== Segment start ==
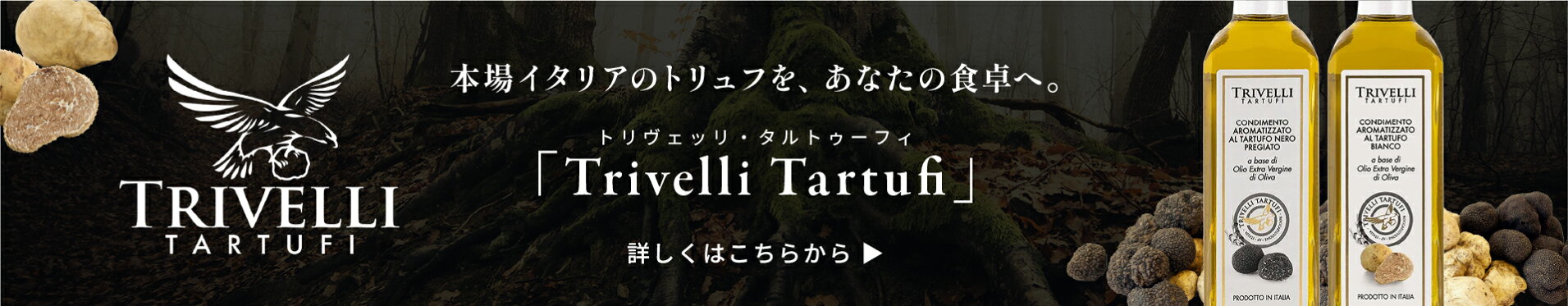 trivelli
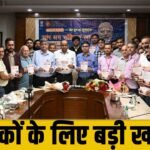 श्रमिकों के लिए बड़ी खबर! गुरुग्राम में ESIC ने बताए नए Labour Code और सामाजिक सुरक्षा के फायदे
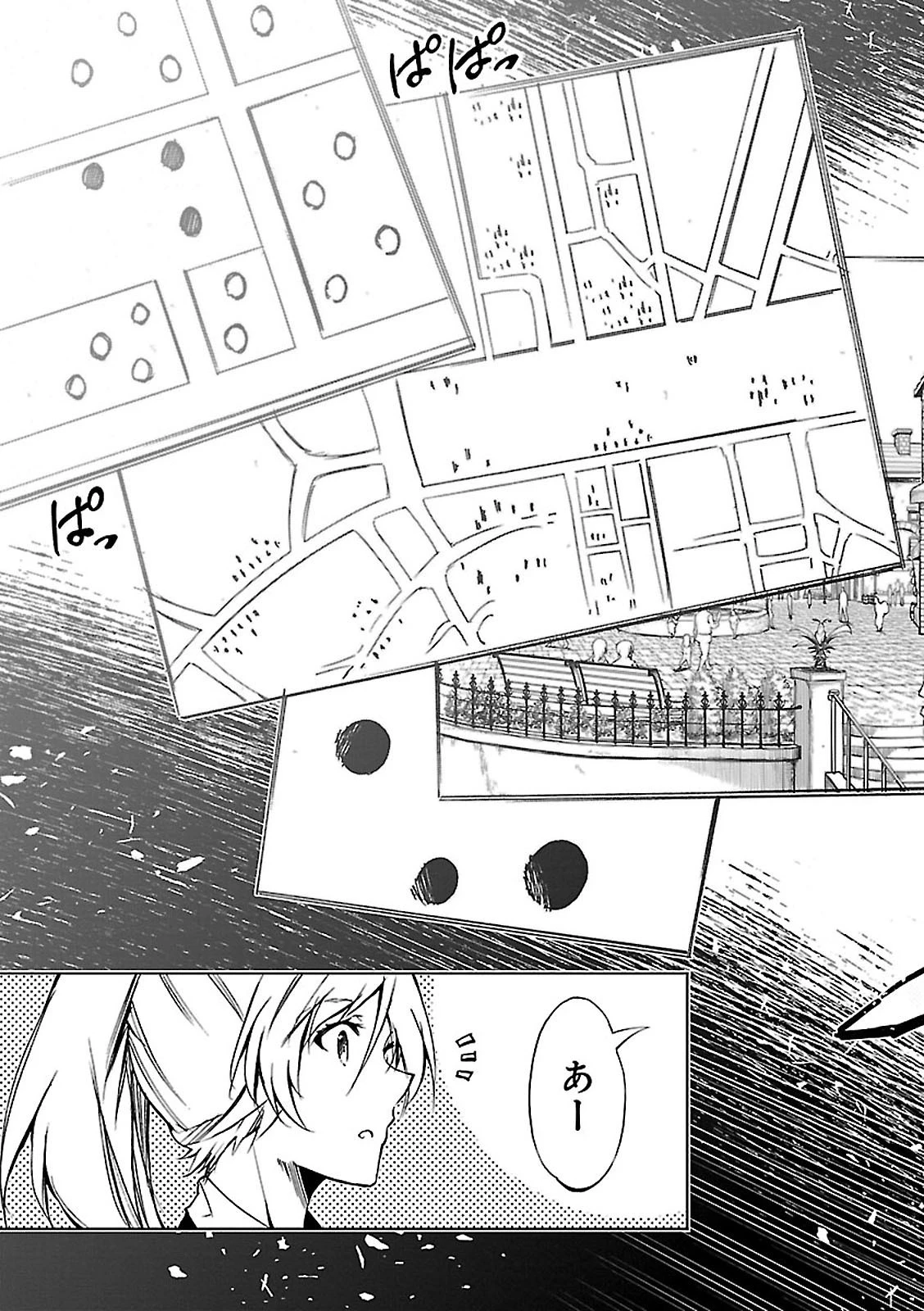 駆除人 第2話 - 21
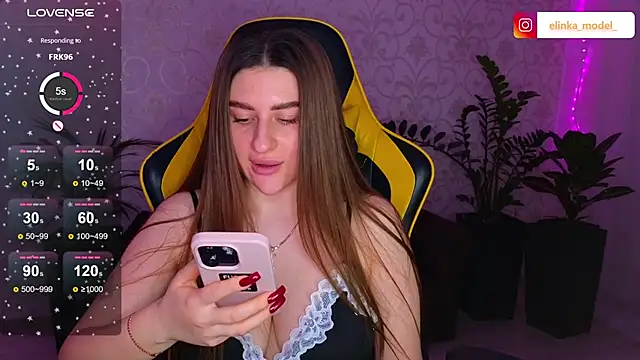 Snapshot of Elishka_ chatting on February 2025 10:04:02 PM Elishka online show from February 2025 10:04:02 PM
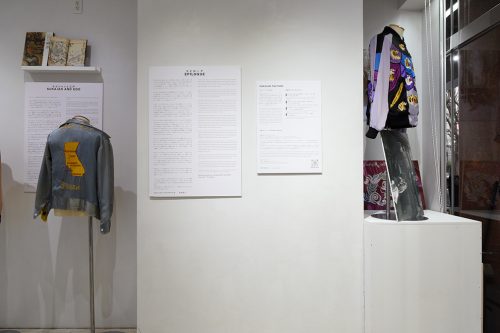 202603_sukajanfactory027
== Segment end ==
> **Exercise prompt**
The pictures should not be reproduced; quote all of the other material exactly.

> **Result**
 trivelli
 श्रमिकों के लिए बड़ी खबर! गुरुग्राम में ESIC ने बताए नए Labour Code और सामाजिक सुरक्षा के फायदे
 駆除人 第2話 - 21
 Snapshot of Elishka_ chatting on February 2025 10:04:02 PM Elishka online show from February 2025 10:04:02 PM
 202603_sukajanfactory027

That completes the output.